Gold myths, copper truths

Does Barrick, the world’s biggest gold digger, need to be defensive about its CAD 7.3bn offer for Canada- and Australia-listed Equinox, a copper miner in Zambia and Saudi Arabia? The record shows that “pure gold” players among big listed gold stocks are becoming increasingly scarce. During the first quarter of this year, Barrick itself produced 75 million pounds of copper.

Just as telling is that Barrick produced that copper at total cash costs of USD 1.25/lb; few bona fide copper miners anywhere are unable to make cash profits at this level. Copper is one of the world’s most lucrative minerals, trading recently close to USD 4.50/lb, and currently around USD 4.22/lb. Gold miners could only wish for these kind of margins.For the first quarter of 2011, Phoenix, AZ.-based Freeport-McMoRan reported operating cash flows of USD 2.4bn; for the same period, Barrick managed a more modest USD 1.4bn. Freeport-McMoRan is the world’s biggest publicly traded copper miner, but also operates the world’s biggest gold mine. Depending on the observer’s viewpoint, Grasberg, Indonesia, is a copper mine, first and foremost. Freeport-McMoRan has avoided the trap of fashioning itself as metal-specific.

“Pure gold” miners have long enjoyed a premium rating in stock markets, but ratings do not necessarily put food on the table, at least, not to the extent that copper can.
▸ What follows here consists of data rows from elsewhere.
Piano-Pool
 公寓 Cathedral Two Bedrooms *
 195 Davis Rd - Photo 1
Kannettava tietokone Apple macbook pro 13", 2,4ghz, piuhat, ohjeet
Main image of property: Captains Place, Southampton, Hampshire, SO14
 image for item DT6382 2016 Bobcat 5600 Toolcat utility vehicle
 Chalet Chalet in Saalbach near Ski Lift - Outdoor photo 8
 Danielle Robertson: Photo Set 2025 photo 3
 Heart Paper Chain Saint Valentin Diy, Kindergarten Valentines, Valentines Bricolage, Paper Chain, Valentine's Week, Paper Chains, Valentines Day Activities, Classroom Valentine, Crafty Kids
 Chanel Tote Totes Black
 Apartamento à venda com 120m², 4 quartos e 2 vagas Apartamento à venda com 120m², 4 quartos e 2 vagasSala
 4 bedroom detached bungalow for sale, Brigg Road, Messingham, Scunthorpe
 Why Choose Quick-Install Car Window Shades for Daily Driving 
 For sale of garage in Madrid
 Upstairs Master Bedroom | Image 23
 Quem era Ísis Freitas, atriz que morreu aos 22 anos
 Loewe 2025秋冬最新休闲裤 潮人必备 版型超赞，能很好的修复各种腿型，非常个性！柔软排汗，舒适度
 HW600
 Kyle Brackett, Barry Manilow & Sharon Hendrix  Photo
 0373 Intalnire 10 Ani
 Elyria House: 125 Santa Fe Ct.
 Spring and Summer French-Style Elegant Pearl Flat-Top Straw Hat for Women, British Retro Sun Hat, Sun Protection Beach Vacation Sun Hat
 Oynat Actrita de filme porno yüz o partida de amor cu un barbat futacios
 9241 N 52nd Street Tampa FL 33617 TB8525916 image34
This is showing clearly in Freeport-McMoRan’s market value (capitalisation), which recently pushed up to nearly USD 55bn. Impressive as the number is, the real take away in this context is that Freeport-McMoRan’s market value surpassed Barrick’s, which is currently around USD 51bn.

Copper is sexy, supported by long term underlying real-economy demand and growth. Another reason why gold miners are moving increasingly out of gold is because “pure gold” deposits are increasingly difficult to locate. Copper porphyry deposits sometimes contain useful amounts of gold, and tend to remain in operation for longer than the typical “pure gold” mine. And bulk mining methods can be used with impunity, to great cost-advantage.

Another compelling reason for gold diggers to muscle up on cash flow by favouring copper is that new mines are becoming impressively expensive. Earlier this year Barrick indicated that at the Cerro Casale copper-gold project, a review of additional permitting requirements has led to a “changed operating environment in Chile”; along with Barrick’s experience at the in-build Pascua-Lama mine (gold-copper), a review of Cerro Casale’s capital cost has been initiated.

Early indications, said Barrick, suggested that the capital cost may be higher by about 20-25% from the previous estimate of USD 4.2bn (100% basis; Barrick owns 75%), which was based on the feasibility study completed in 2009, “and reflects the impact of a stronger Chilean peso, higher labor, commodity and other input costs”. At the Pascua-Lama project straddling Chile and Argentina, Barrick states that pre-production capital is expected to increase by 10-20% to USD 3.3-USD 3.6bn.

There may be potential targets, such as Equinox, where buying in the market, even including a premium, is kinder to capital returns.

More broadly, there are increasingly clear signals of a change in attitude by gold miners. For years, some gold miners that also produce other metals have conveniently used “credits” from sales of other metals to massage down the “cash costs” for producing gold. This may look pretty on the page, but does nothing to produce tangible extra cash flow. Barrick recently became the first gold digger to formally start producing numbers for “free cash flow” – simply, operating cash flow less capital expenditure.

The measure is metal-blind, and offers a useful indicator of a firm’s overall liquidity. A low number for free cash flow is not necessarily indicative of underperformance; it may correspond with a period of heavy capital expenditure which, in theory at least, promises future benefits for stakeholders. Free cash flow numbers, especially when viewed over longer periods of time, indicate whether a firm may need to resort to additional outside funding, such as available from debt and equity markets.